We can't say how things will turn out regarding Iran, but we wonder if it will be as terrible as it now appears. Perhaps it will backfire and escalation this time will result in more dramatic calls for peace. There is turmoil in Iran, too – and there is no surety that what appears to be a steadily escalating conflict will end up that way. At some point, people may simply signal that they have had enough. This is perhaps more likely in an era of intensive communication such as the one we have now. People can see and read what is going on. They are less likely to act purely on instinct, or be swayed by nationalism

The more such wars – "military actions" – escalate in fact the more questions are raised. And in an era of electronic communications the questions remain, indelibly codified, stored and re-presented as necessary. The Internet era is the era of ultimate information retention and recycling. Some see it as an endless and increasingly repressive loop. But it works both ways. And actually the pressure ultimately resides with the mass of citizenry not professional intelligence agents. That is in fact why the questions about 9/11 itself have not gone away but continue to build as the years move on. Unlike the 20th century, time is on the side of those who want to get to the bottom of things, not those who don't.

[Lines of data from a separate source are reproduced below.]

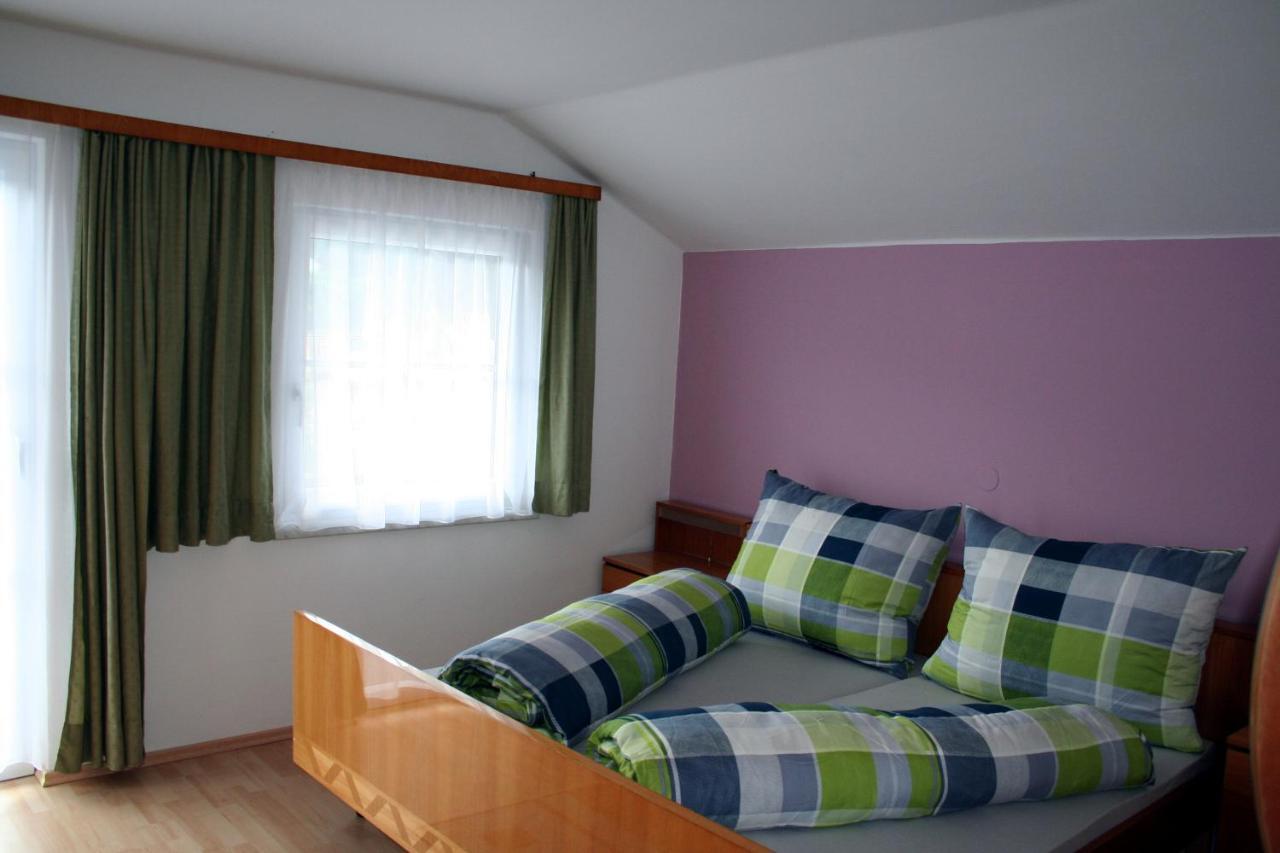 Appartements-Christian フィーバーブルン エクステリア 写真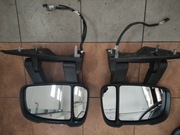 Lusterko Fiat Ducato (lewe)2017r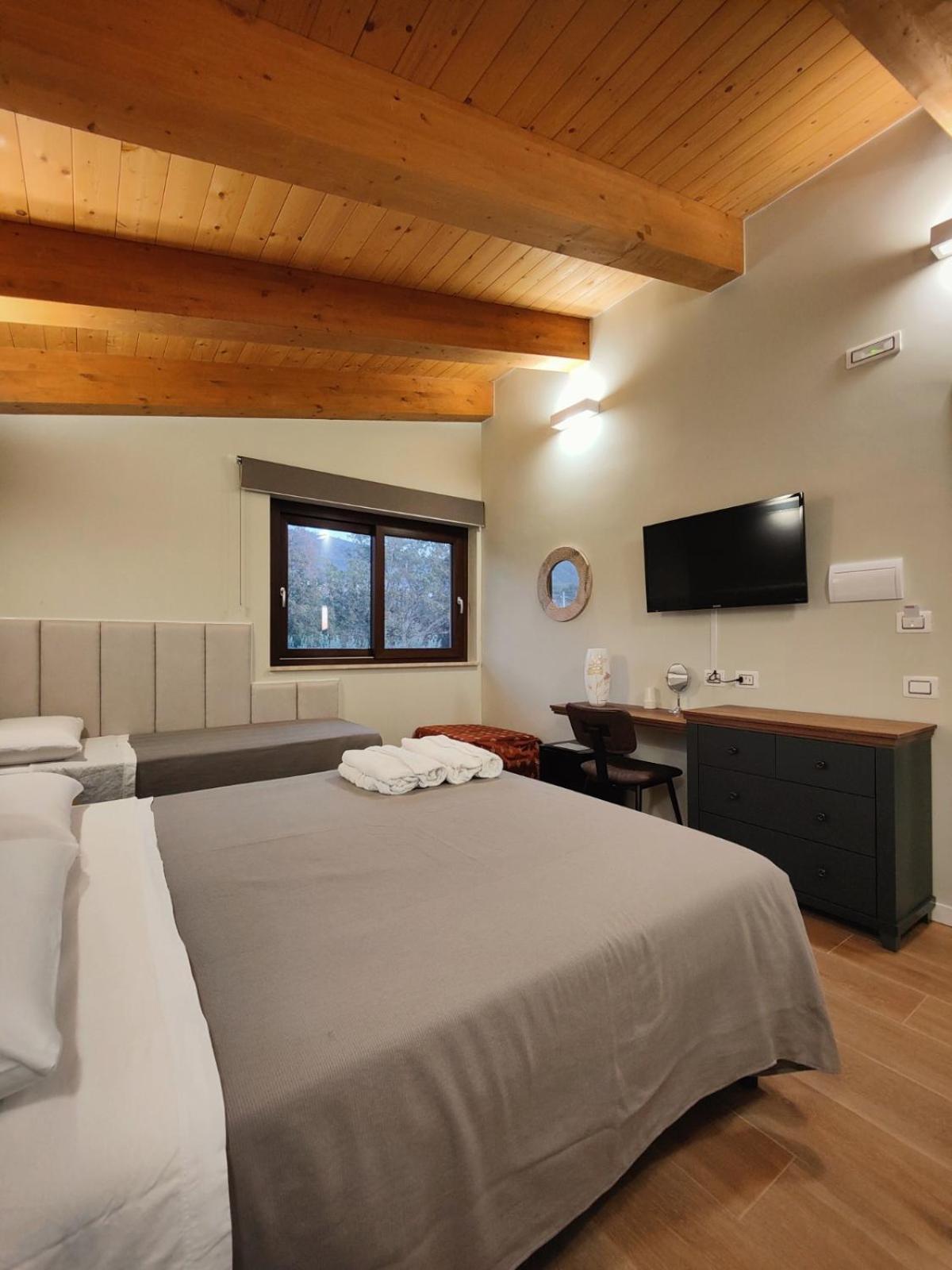 B&B Casa Marilu Fuscaldo Kültér fotó
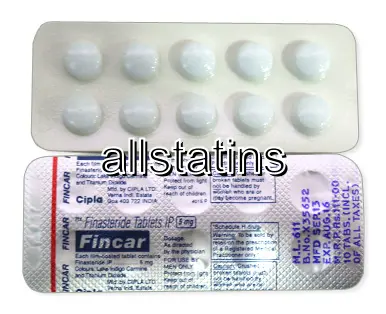 Finasterid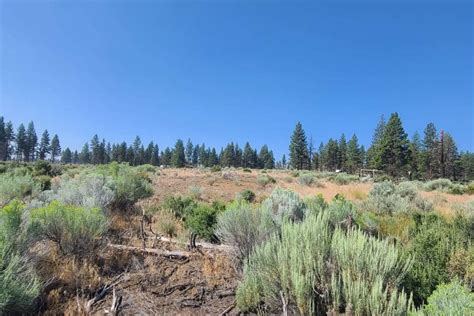 Residential Land For Sale In Chiloquin Oregon Landsearch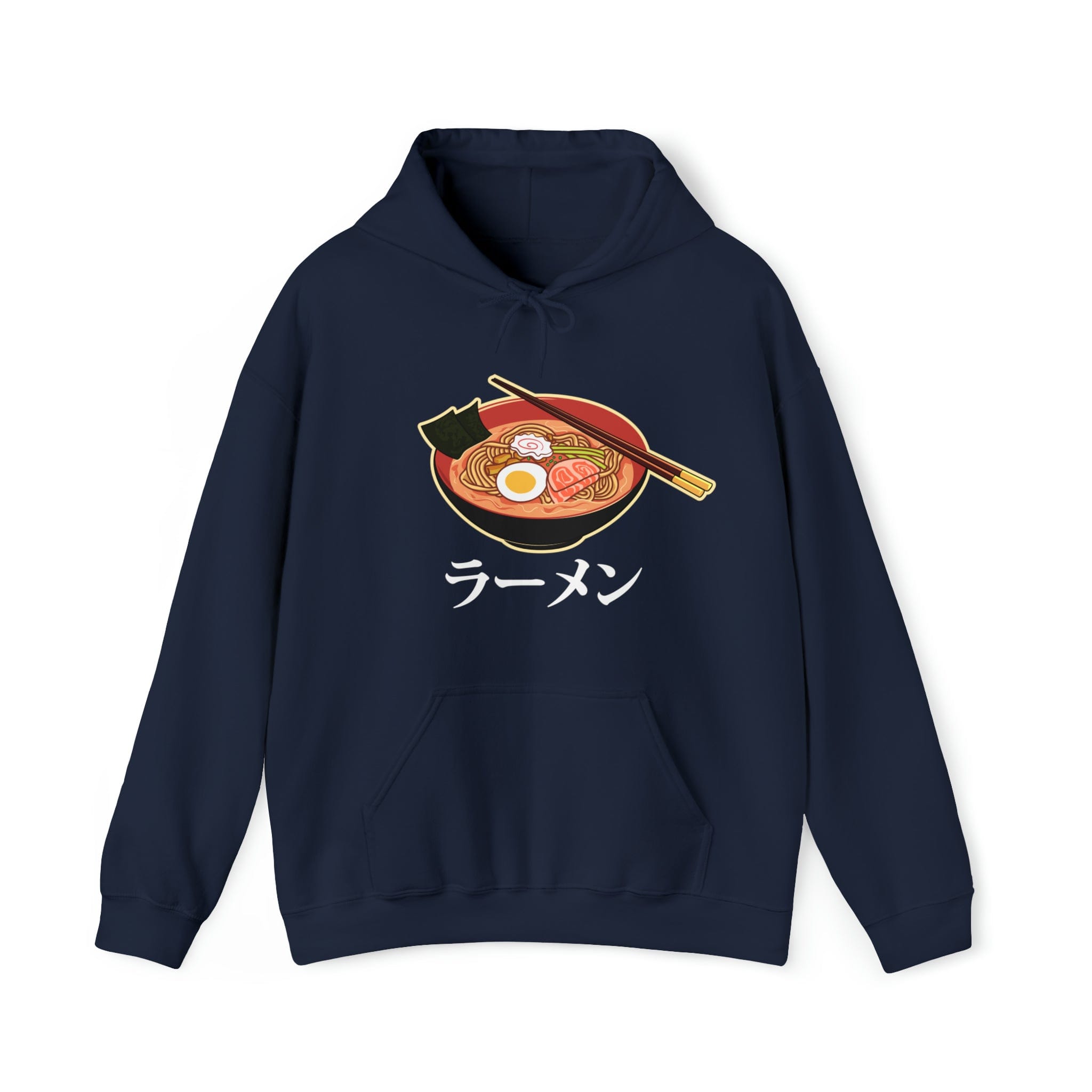 Ramen V2 Unisex Hoodie T-Shirts, Sweatshirt | CiraTrend.com (Image 4)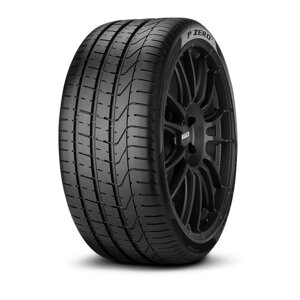 Шина летняя Pirelli PZero 255/45 R19 100W (MO)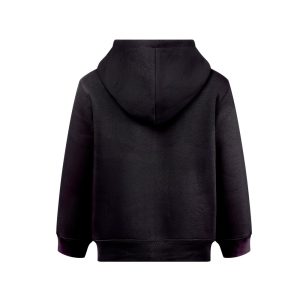 THC AMSTERDAM KIDS. Kurtka dziecięca P053705S ST-30294-W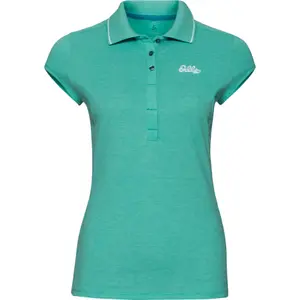 Women's polo shirt Odlo Kumano image-0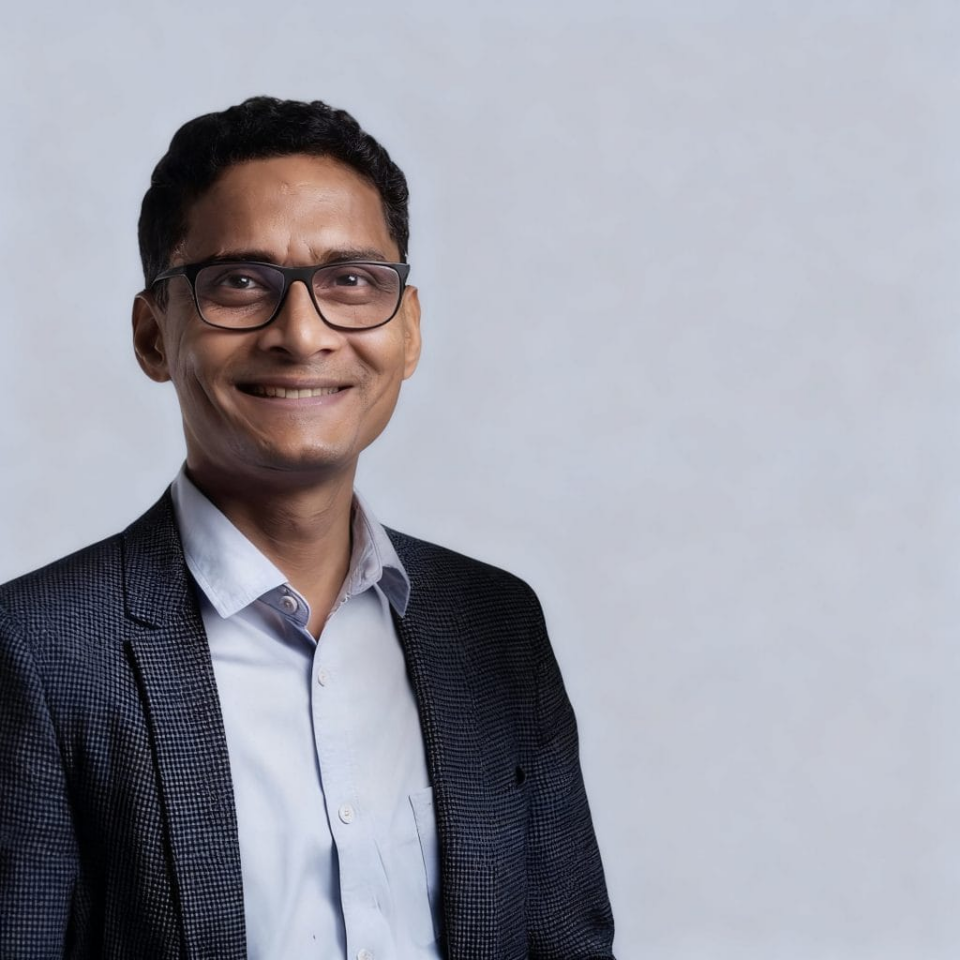 Sanjay Kumar Singh joins Nemetschek India as the new Managing Director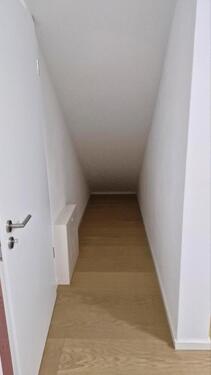 Foto - Erdgeschoßwohnung in Hechingen zur Miete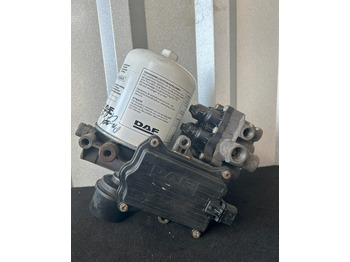 Тормозной клапан DAF CF XF 106 480 APU KIT ZEL2100 1973210 ( ELA1000 + AE6000): фото 2 Тормозной клапан DAF CF XF 106 480 APU KIT ZEL2100 1973210 ( ELA1000 + AE6000): фото 2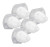 Black and Decker Vacuum OEM Replacement Filters - 90558113-01-5PK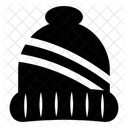 Beanie  Icon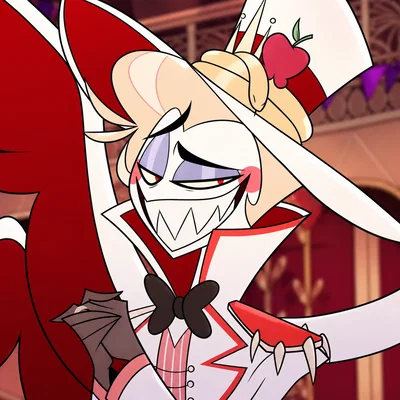 Lucifer Morningstar | King of Hell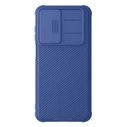 Θήκη Κινητού Nillkin Camshield Pro για Samsung Galaxy A36 5G, Μπλε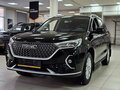 2026 Haval M6 II, чёрный, 2349000 рублей
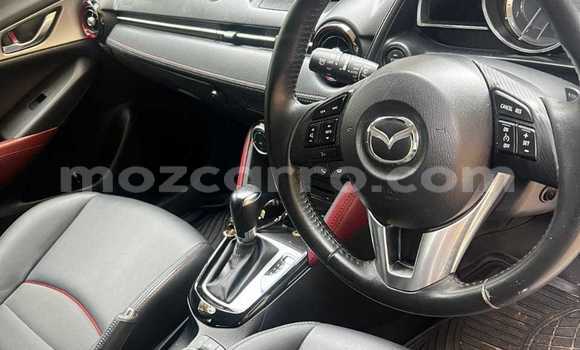 Nunua Mpya Mazda CX-3 Nyeupe Gari ndani ya Maputo nchini Maputo Nunua Mpya Mazda CX-3 Nyeupe Gari ndani ya Maputo nchini Maputo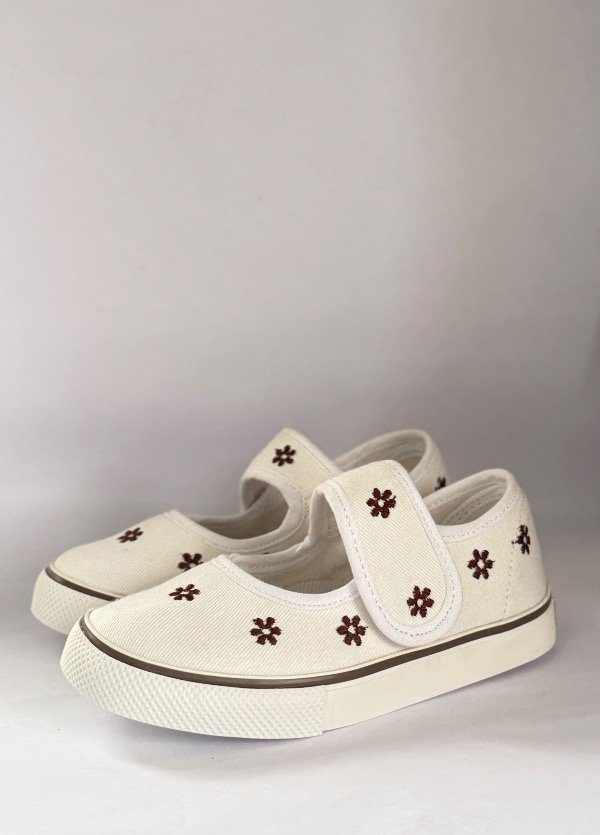 Producto - A 442 Guillermina bordada - 5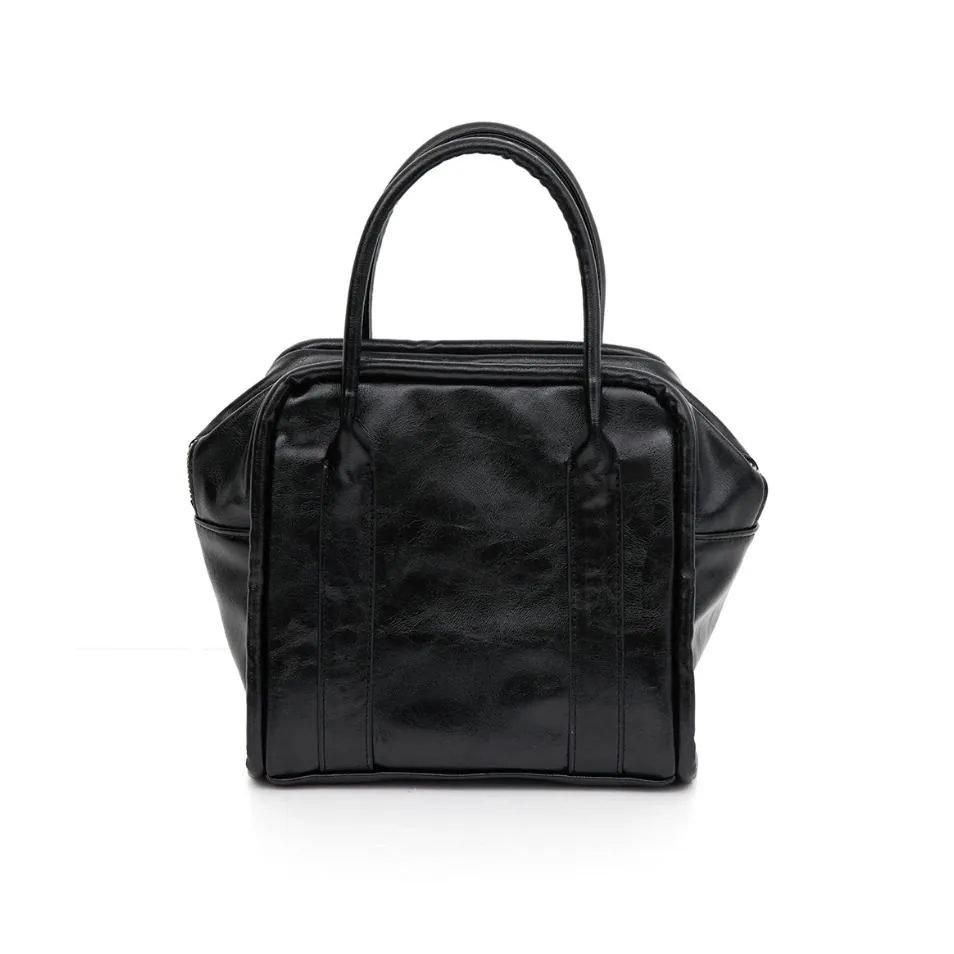 YEOMIM mini box bag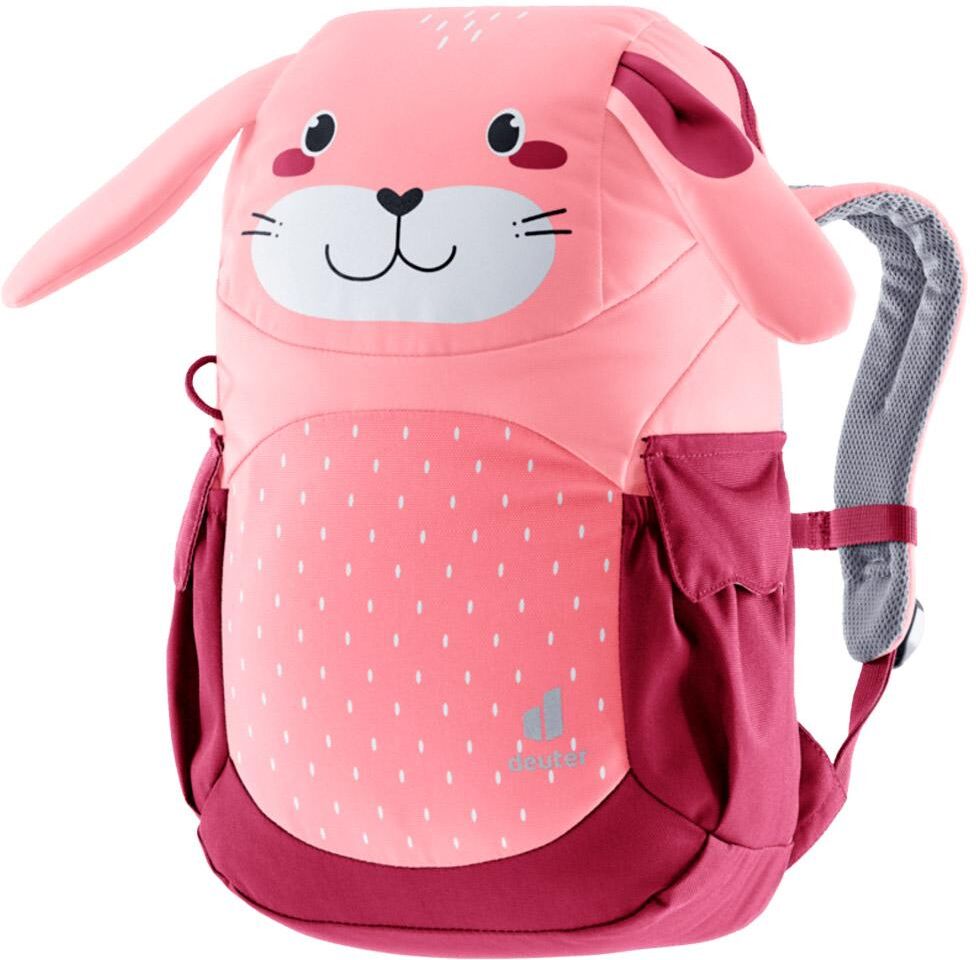 Deuter  - Kikki 8L Blossom Raspberry - Sac à dos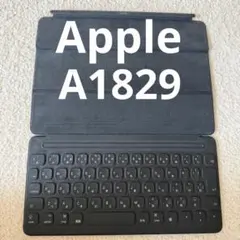 Apple純正 Smart Keyboard A1829 日本語 10.5インチのサムネイル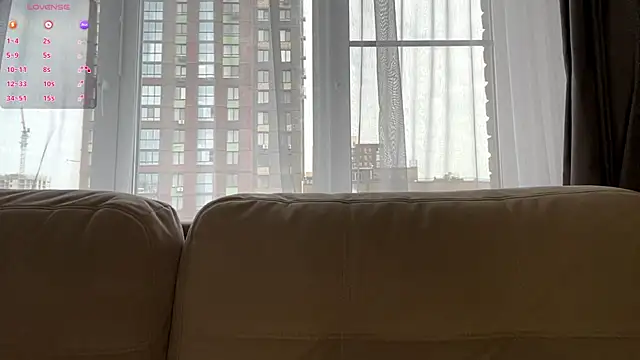 LindaFarmer online show from 09/17/25, 04:25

In fact, the Gutenberg press' arrival seems to have ushered in a string of wars (irregular and of varying temperatures), starting nearly 500 years ago, some of which lasted 100 years or more (shades of Dick Cheney?). Yet the wars did very little to derail the larger epiphanies derived from the increased information generated by the wide circulation of books. In other words, hostilities had little effect on the larger enlightenment and the general progress of society and expansion of freedom. The power elite doubtless fumed but had to take a step back. The human condition improved dramatically and the "dark ages" were vitiated. So … some speak of coming dark ages, but we see them lifting.

NOTED: Sen. Lindsey Graham (left) thinks putting a price on carbon is the key to generating American jobs. … How can the energy market scale up technologies that don't pump copious quantities of carbon dioxide into the atmosphere? Put a price on carbon that sends those markets a price signal that burning carbon-rich fuels, including coal and oil, have economic, environmental, and national security costs that energy prices today don't communicate. With that price signal in place, the market would open up for low-carbon alternatives – efficiency and renewables, for example – the development of which would create jobs, seed new industries, and lower demand for oil. The price signal is the linchpin of the deal that the tripartisan trio of Senators Lindsey Graham, John Kerry, and Joe Lieberman are attempting to negotiate. – The Green Conservative … (Ed Note: As a matter of truth-in-advertising we want to make clear that we are not big fans of Lindsey Graham who always puts us in mind of Uriah Heep. His attempt to legislate away carbon pollution – whatever that is – is disheartening. We hope his endless obsession with "bipartisan compromise" as regards this elite promotion ends in failure.)

After Thoughts

Investors, there is a bet to be made, if you are so inclined. Do you expect companies embedded in the American or British military-industrial complex to be as successful and profitable in the next ten years as they have been for the past decade? We're not so sure. We think the power elite is going to end up losing at least some control over its war-making machinery, much as it has recently lost control of the global warming meme. Yes, that sounds ludicrous, but we are merely observing which way the society is trending – and the trend is your friend, they say.